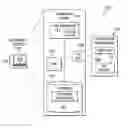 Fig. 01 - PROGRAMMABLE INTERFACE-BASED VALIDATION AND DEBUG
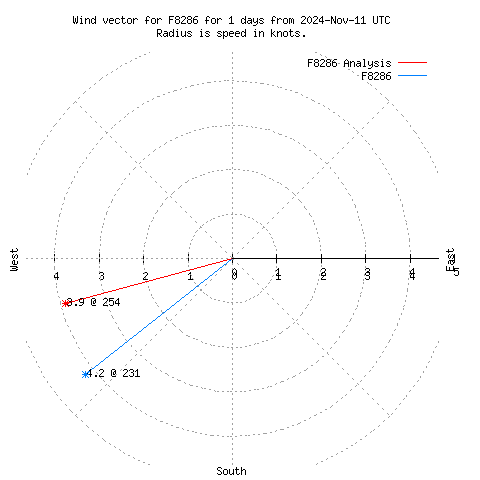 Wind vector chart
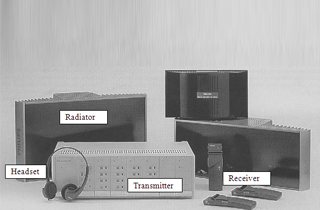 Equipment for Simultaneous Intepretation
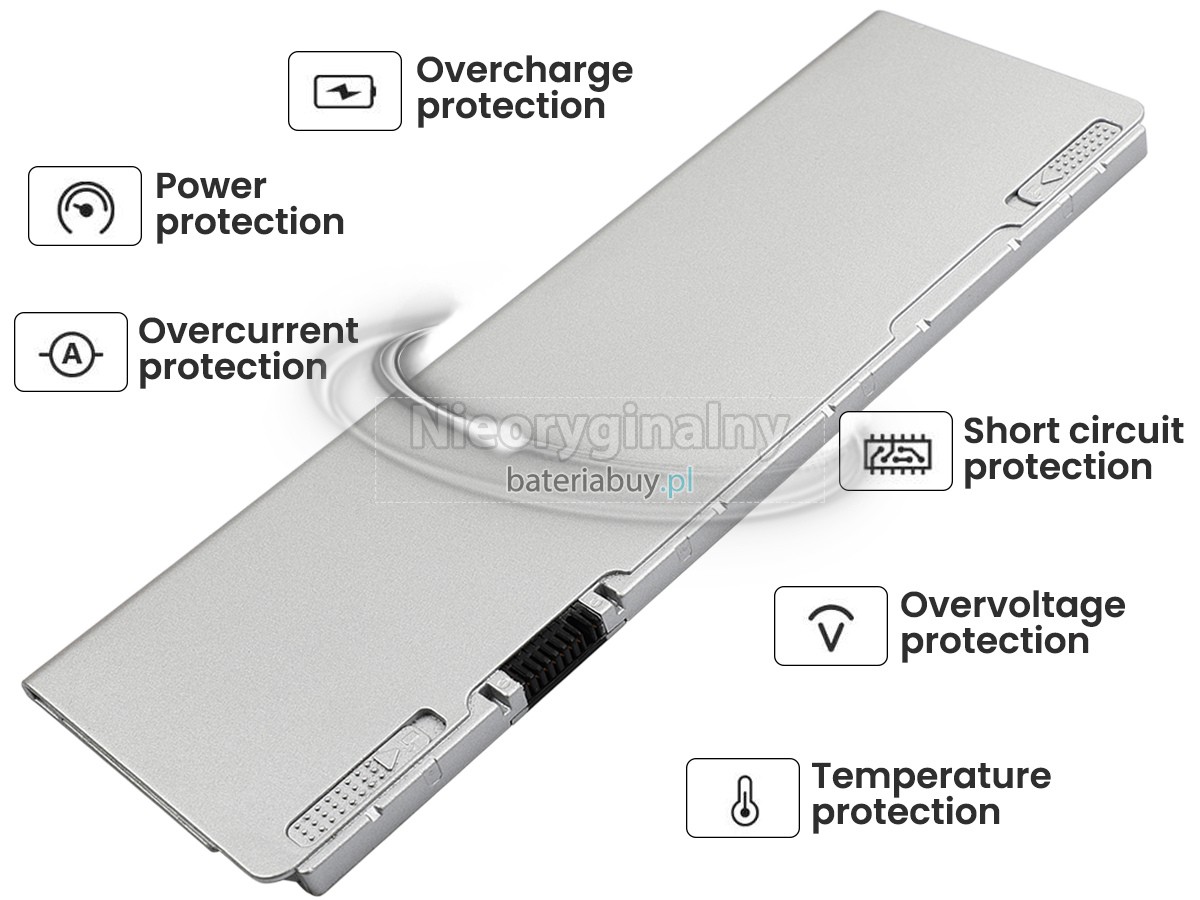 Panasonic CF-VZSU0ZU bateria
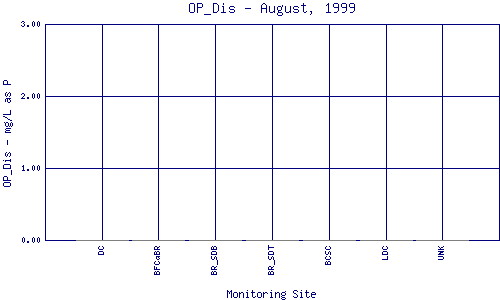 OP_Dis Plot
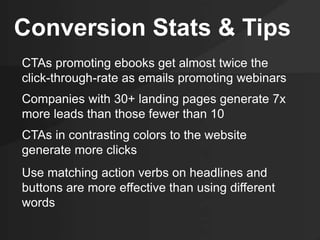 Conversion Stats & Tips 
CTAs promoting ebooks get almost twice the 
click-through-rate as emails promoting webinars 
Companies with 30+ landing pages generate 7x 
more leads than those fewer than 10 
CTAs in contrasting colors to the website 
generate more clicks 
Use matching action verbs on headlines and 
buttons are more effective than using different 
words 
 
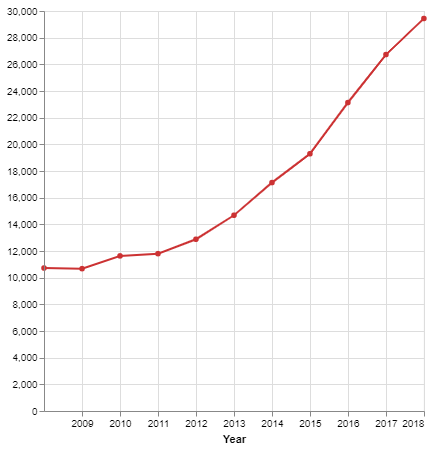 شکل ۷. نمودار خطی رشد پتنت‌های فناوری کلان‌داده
##########
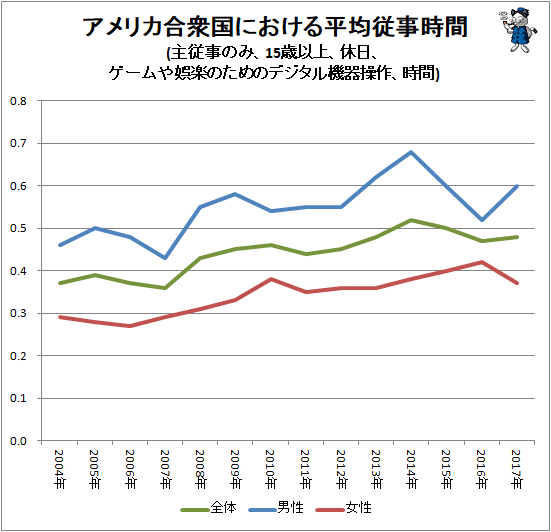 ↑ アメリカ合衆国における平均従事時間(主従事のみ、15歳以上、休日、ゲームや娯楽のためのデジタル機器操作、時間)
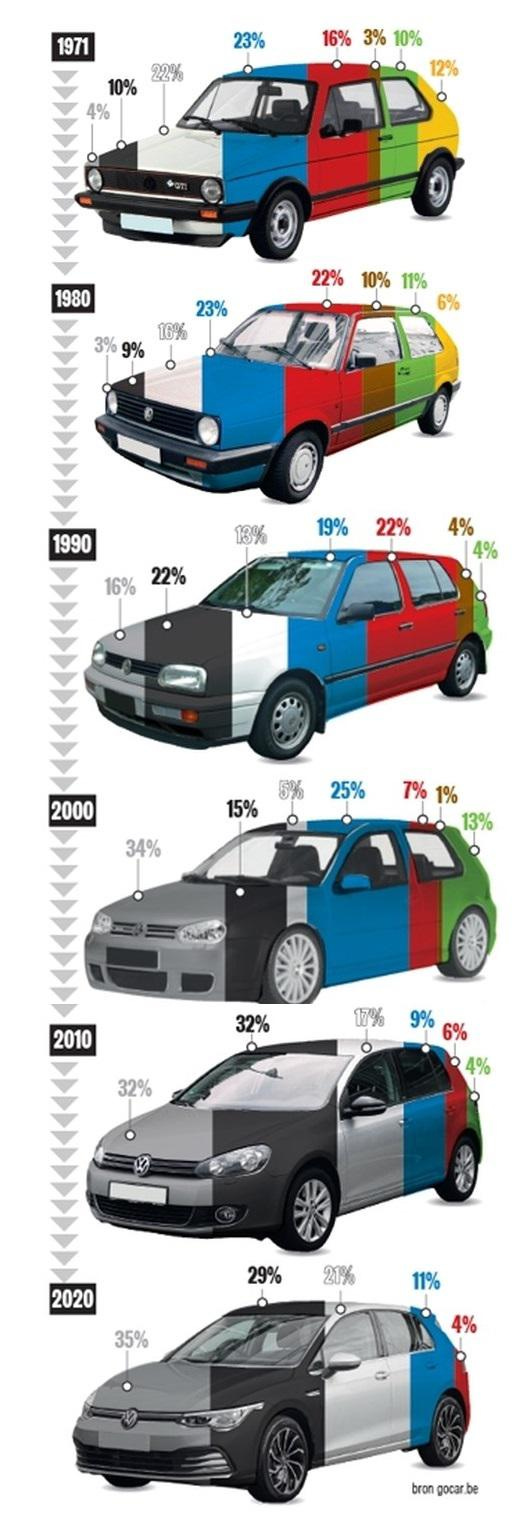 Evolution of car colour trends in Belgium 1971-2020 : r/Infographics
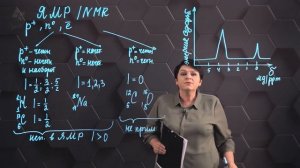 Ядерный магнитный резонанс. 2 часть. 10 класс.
##########
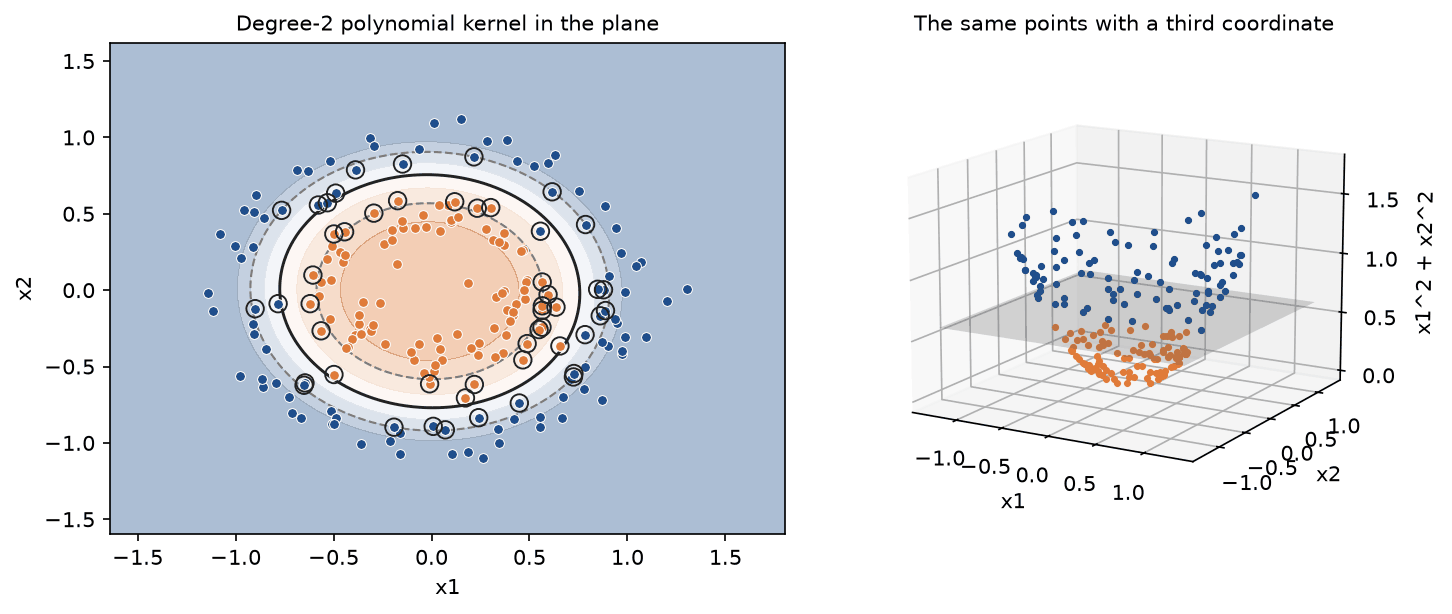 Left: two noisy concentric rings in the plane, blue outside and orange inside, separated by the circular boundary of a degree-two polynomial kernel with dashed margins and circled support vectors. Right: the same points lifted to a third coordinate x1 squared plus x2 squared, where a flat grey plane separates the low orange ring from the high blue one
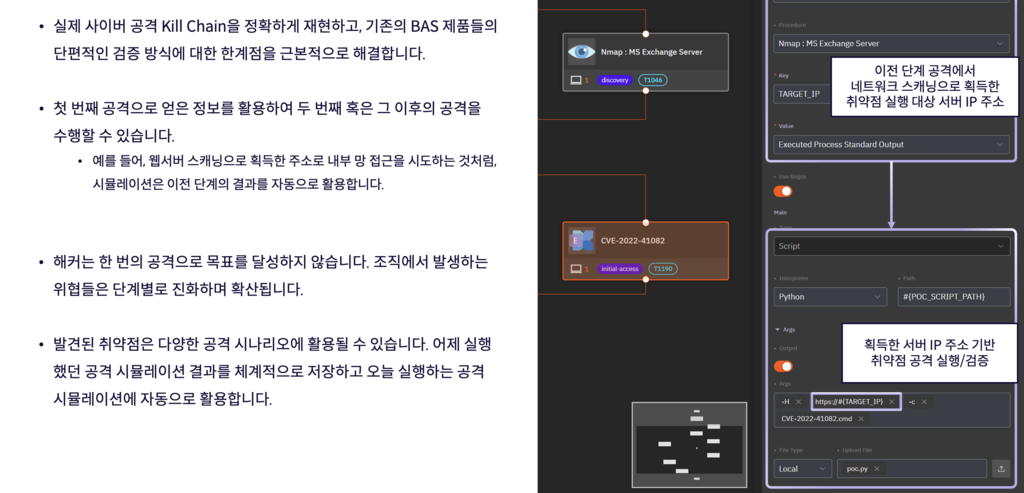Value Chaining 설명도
##########
**Your task:**
Which lines above contain the word "generate"? Copy each one.

**Solution for this problem:**
Companies with 30+ landing pages generate 7x 
generate more clicks 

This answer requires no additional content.